Se a primeira parte do filme correspondia às nuances do estilo de vida daquele povo, que certamente tem o toque de sensibilidade da diretora Davaa, natural do país, a segunda parte é marcada por um forte estilo antropológico, um olhar vindo de fora, mais especificamente do diretor italiano Luigi Falorni. Os dois irmãos saem da comunidade culturalmente fechada do deserto e, à medida que vão se aproximando da cidade, diferenças marcantes começam a aparecer, em especial a presença de postes de energia. Tendo energia elétrica você pode ter uma televisão, e assim, estar conectado ao mundo exterior, e o fascínio do pequeno Ugna pelo novo mundo é claro, ele que é o mais novo e o menos enraizado na própria cultura. O contraste é tão grande, ainda mais para um país com tão baixa densidade demográfica, que a simples presença da cultura ocidental é uma enorme ameaça à cultura local, que pode ser visto não só por Ugna, mas o próprio avô do pequeno, por definição patriarca da família e defensor dos costumes, tem um rádio a pilhas em sua tenda. Esta silenciosa ocidentalização do oriente é um dos maiores problemas do continente, e já fora alertado em outras ficção-documentários, como o também cultuado Balzac e a Costureirinha Chinesa e o épico religioso Samsara.
Mas este está longe de ser o foco principal do filme.

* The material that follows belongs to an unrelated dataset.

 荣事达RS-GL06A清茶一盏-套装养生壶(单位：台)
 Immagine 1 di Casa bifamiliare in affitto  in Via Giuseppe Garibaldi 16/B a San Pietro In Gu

Tampouco é ele um drama sobre o pobre animal. Quem espera um filme lento e com fortes questões como no cinema iraniano, irá se decepcionar; os planos são curtos e o ritmo flui bem tranquilamente. Ele também se isenta de julgamentos, preferindo deixar a realidade falar por si, apesar da leve maquiagem ficcional; o músico, que, apesar de dar aulas de violino num instituto de música moderno, preserva as tradições do ritual, e a cena onde todos os membros da família, o músico e o motorista da moto sentam para conversar pode sugerir um diálogo entre os dois pontos de vista, mas isto é algo posto para o espectador tirar suas conclusões. No final, é apenas um documentário, leve e descompromissado, sobre uma família de habitantes do deserto e sua cultura milenar. Correção: leve, descompromissado e encantador.